Certainly for those mourning the loss of a loved one, it is. For most of us, though, the loss is a step backwards and a cry for recovery, physically, emotionally, mentally, and financially. And yet, we have to mourn, too. It's the healthiest way to move on.

When we suffer a loss it hurts, and some of us will get into a funk. The hard part is figuring how long to let the funk last. We need time to adjust. We need time to be sad that things are not the way we want them to be. If we don't, and try to barrel through, the grief will show up some other way. We may start drinking too much or shirking responsibility or becoming irritable and ruining our relationships. We need time to lick our wounds.

And then...

And then, we rally. We stop focusing on who we were, what we lost and what we make it all mean. Instead, we need to start picturing a new future. The one we hope for.
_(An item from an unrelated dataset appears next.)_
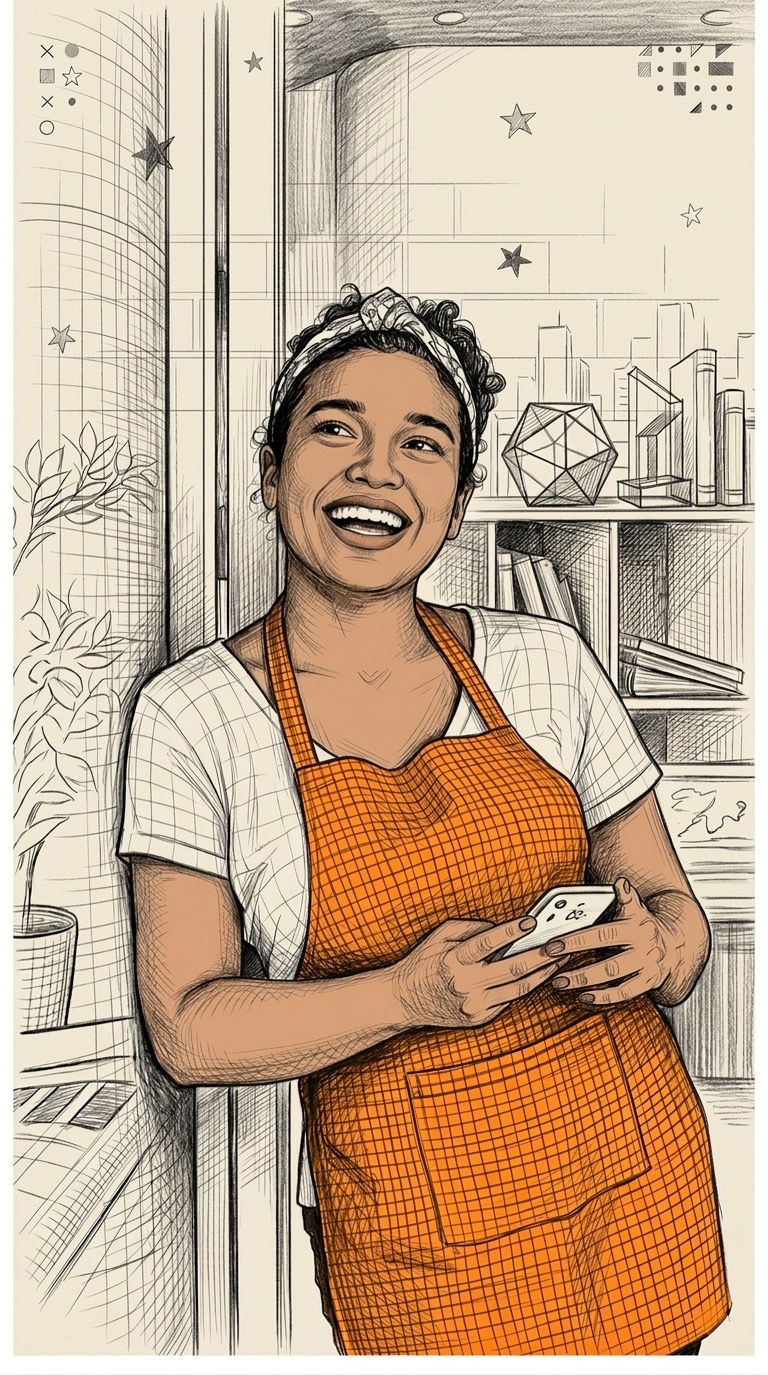 Sketch of a team member with their system running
Bringing in a new tomorrow is not just an exercise in positive thinking and visualization. It becomes a practice of faith, not necessarily in a religious sense. Transforming through loss and mourning into faith requires reprogramming our minds and body in a way that increases our energy. It's a physical and mental will that makes our bodies vibrate with possibility and turns us into an instrument for causing results to happen.

I know that sounds like science fiction or crazy talk, but in earnest I share with you what I've experienced and seen work. The best comparison I can make to this sensation (vibration) is when you have a tipping-point amount of a caffeinated beverage. Not so much that you shake, feel ill or invite the "crash," but that buzzy amount that makes you feel a little superhuman -- like you can live in this zone and conquer everything on your to-do list. That buzz is what this vibration feels like without the caffeine. And it is the level of energy that shatters loss and tough circumstances. It's the breakthrough in which you still know on an intellectual level that things have not changed and that there is no indication of them doing so, but you are projecting yourself beyond that into a place where you can't feel negative emotion, but instead feel faith. The belief that the next step will be the one that makes the difference is what hope is all about. It's not foolish. The loss is integrated into your story and your memory, but it no longer festers in your today. You are not triggered by it into a downward spiral. You are beyond it and creating a new tomorrow.
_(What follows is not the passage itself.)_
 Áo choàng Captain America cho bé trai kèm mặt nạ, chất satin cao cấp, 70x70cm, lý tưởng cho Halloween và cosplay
What does this mean to our finances, the weather patterns, the senseless loss of life in many pockets of the world, the economy, the future of your job and bank account? It means nothing different that it ever has throughout history. These aren't really new problems. They are just new to us. We have to choose how to deal with them. The human spirit is resilient and ultimately has no choice but to invest in the good to get past all this.

Be sad, mourn and feel the loss. And then get back to living. We all need you to. As Robert Frost once wrote, "The best way out, is always through."